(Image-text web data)
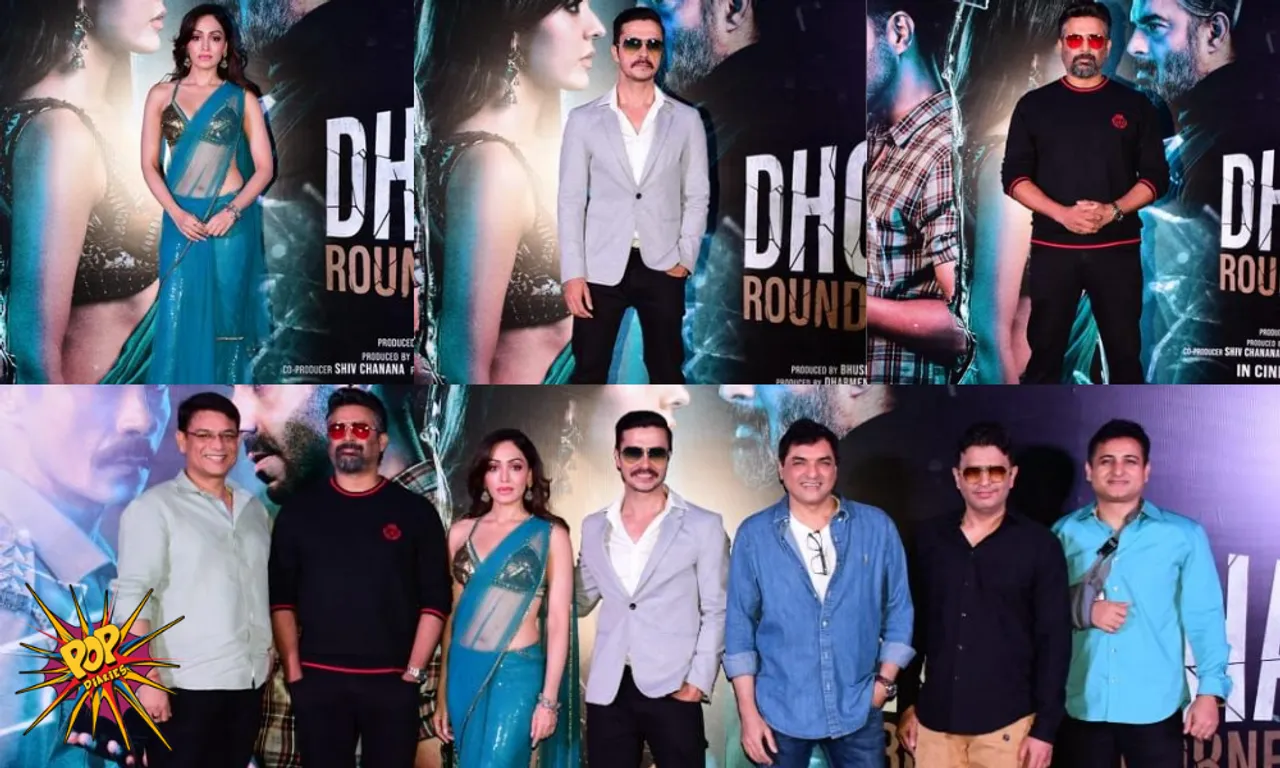 R Madhavan, Khushalii Kumar, Darshan Kumar along with director Kookie Gulati launch the teaser of their film Dhokha - Round D Corner.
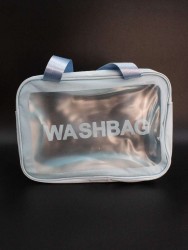 Дорожная косметичка "Washbag" gray, 31*15*21 см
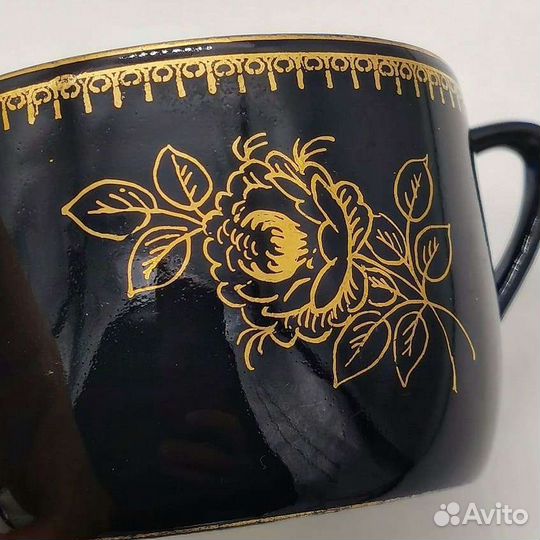 Чайная пара Дулево 1951 год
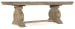 Castella - Rectangle Dining Table With 2-20" Leaves - Light Brown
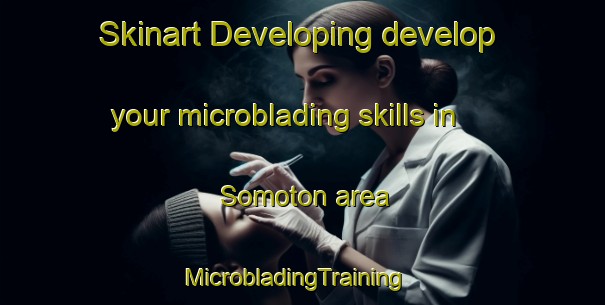 Skinart Developing develop your microblading skills in Somoton area | MicrobladingTraining | MicrobladingClasses | SkinartTraining-Malaysia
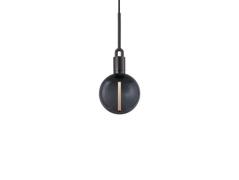 Buster+Punch - Forked Globe Pendelleuchte Dim. Medium Smoked/Gun Metal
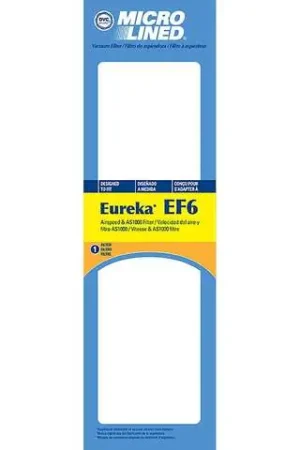 Bargain DVC Micro Lined Vacuum Filter For Eureka EF6 1 pk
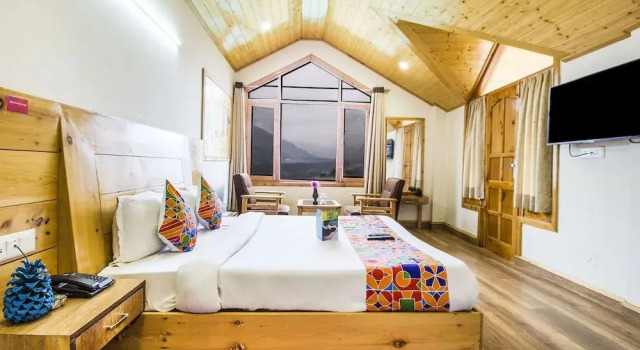 FabEscape Hill Partridge Cottage, Забронировать Дом для отпуска Виллы Манали, Вилла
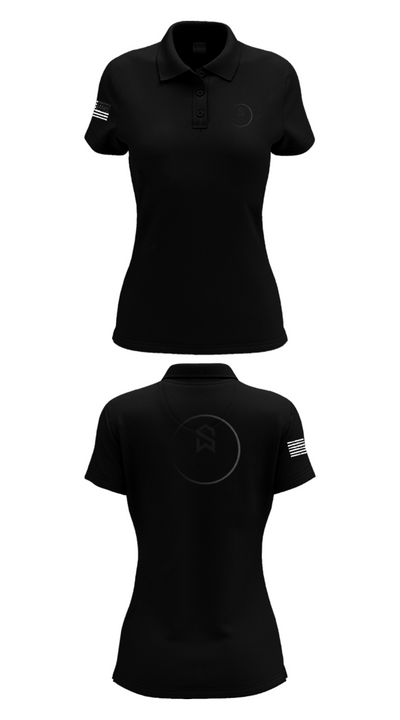 Snowmobile Winthrop 23990110 Women's Short Sleeve Performance Polo  - 36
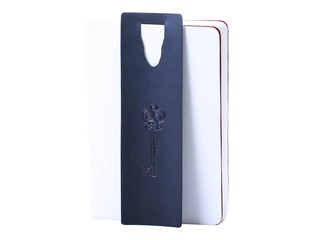 Bookmarks for book, black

## REQUIRED ACTION
Without the pictures, write out every entry precisely as it appears.

## SOLUTION TO THE EXERCISE
 R Madhavan, Khushalii Kumar, Darshan Kumar along with director Kookie Gulati launch the teaser of their film Dhokha - Round D Corner.
 Дорожная косметичка "Washbag" gray, 31*15*21 см
 Чайная пара Дулево 1951 год
 Castella - Rectangle Dining Table With 2-20" Leaves - Light Brown
 Skinart Developing develop your microblading skills in Somoton area | MicrobladingTraining | MicrobladingClasses | SkinartTraining-Malaysia
 Buster+Punch - Forked Globe Pendelleuchte Dim. Medium Smoked/Gun Metal
 Bargain DVC Micro Lined Vacuum Filter For Eureka EF6 1 pk
 FabEscape Hill Partridge Cottage, Забронировать Дом для отпуска Виллы Манали, Вилла
 Snowmobile Winthrop 23990110 Women's Short Sleeve Performance Polo  - 36
 Bookmarks for book, black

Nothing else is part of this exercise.